*Problem details*: Taking the entries below, transcribe only the lines starting with the one with "Genç, yakışıklı, mutlu" and going on through the one with "(WMNS) Skechers D'Lites", exactly as written, without the pictures.

*Input records*:
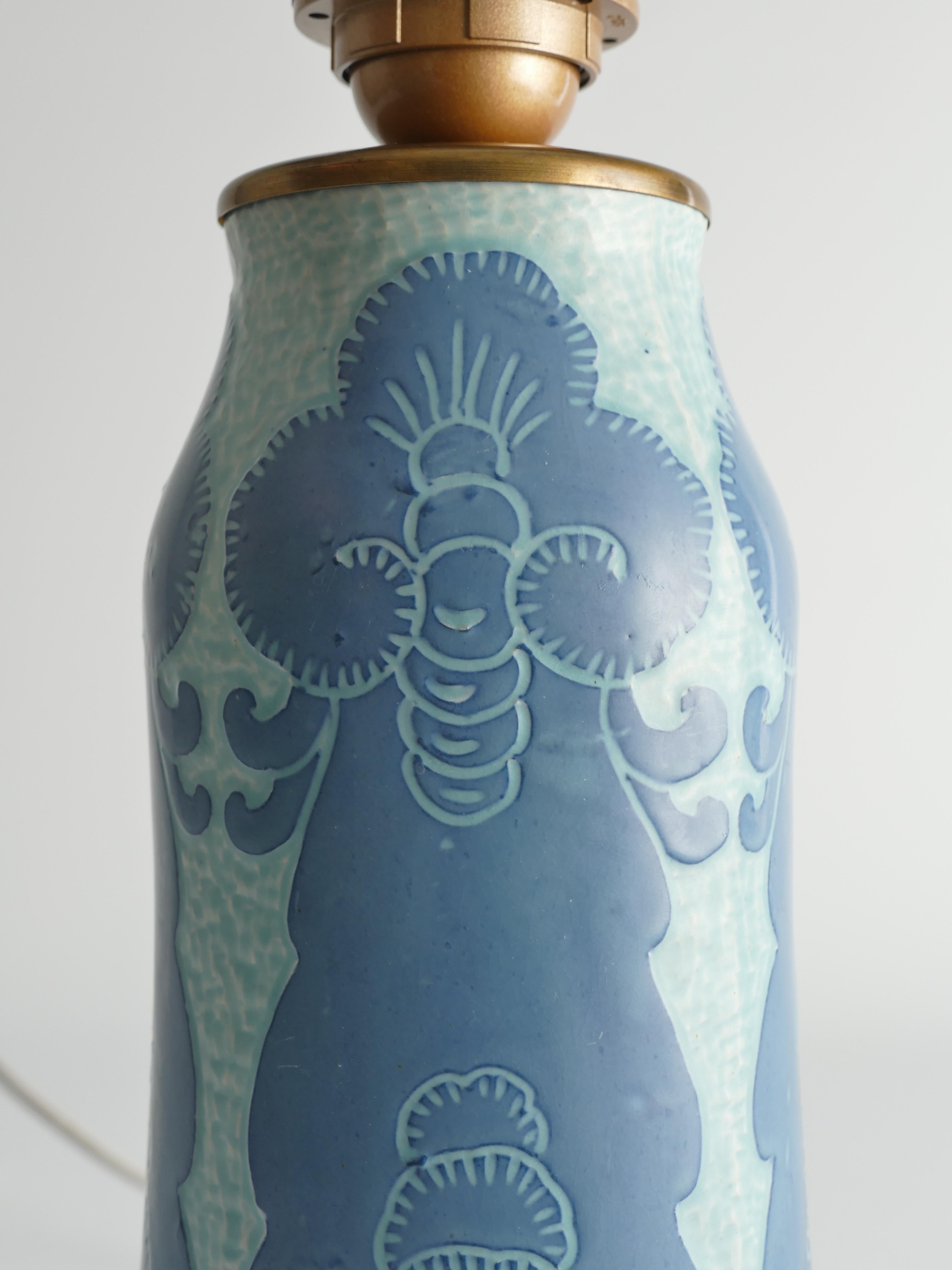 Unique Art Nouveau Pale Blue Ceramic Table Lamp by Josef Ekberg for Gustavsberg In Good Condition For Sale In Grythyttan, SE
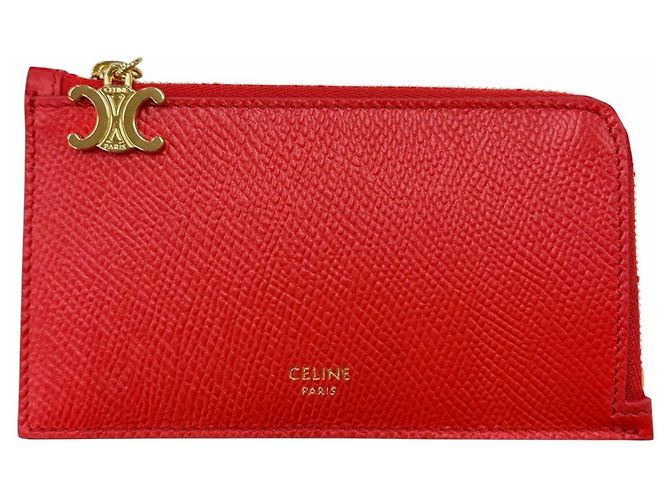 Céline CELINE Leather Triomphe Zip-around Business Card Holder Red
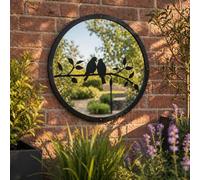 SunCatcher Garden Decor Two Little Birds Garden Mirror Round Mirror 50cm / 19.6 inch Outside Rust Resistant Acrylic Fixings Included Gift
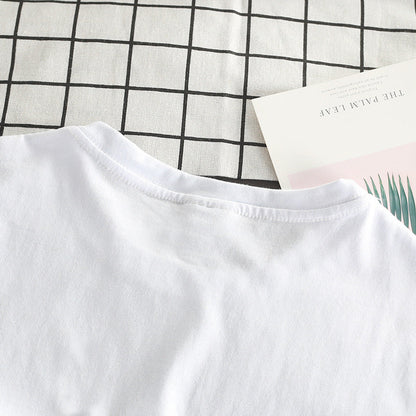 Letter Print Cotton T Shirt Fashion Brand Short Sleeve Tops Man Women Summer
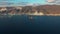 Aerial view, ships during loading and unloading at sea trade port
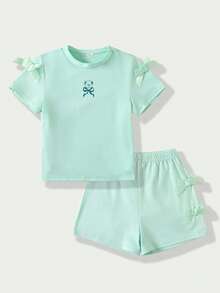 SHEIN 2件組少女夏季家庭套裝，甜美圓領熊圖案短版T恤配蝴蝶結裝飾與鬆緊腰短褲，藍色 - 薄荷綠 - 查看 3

---

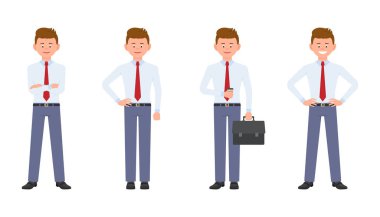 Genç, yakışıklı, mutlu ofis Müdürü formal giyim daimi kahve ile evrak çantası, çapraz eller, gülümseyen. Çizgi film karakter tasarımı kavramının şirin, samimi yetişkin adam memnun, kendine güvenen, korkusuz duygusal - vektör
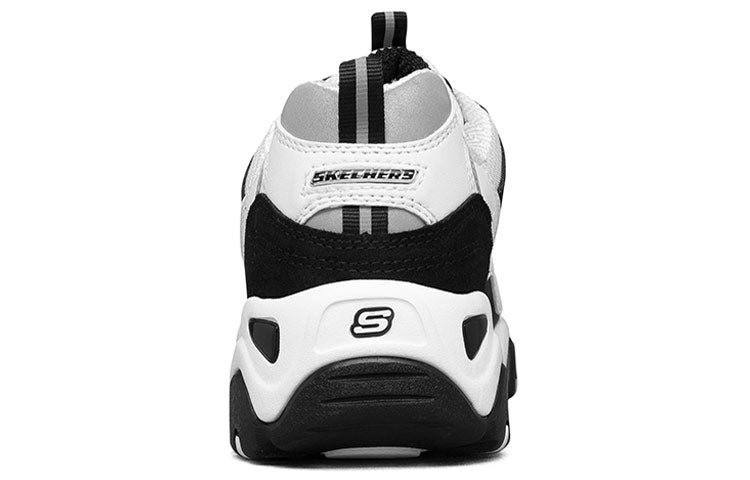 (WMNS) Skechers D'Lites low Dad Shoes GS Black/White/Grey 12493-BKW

*Expected answer*:
 Genç, yakışıklı, mutlu ofis Müdürü formal giyim daimi kahve ile evrak çantası, çapraz eller, gülümseyen. Çizgi film karakter tasarımı kavramının şirin, samimi yetişkin adam memnun, kendine güvenen, korkusuz duygusal - vektör
 (WMNS) Skechers D'Lites low Dad Shoes GS Black/White/Grey 12493-BKW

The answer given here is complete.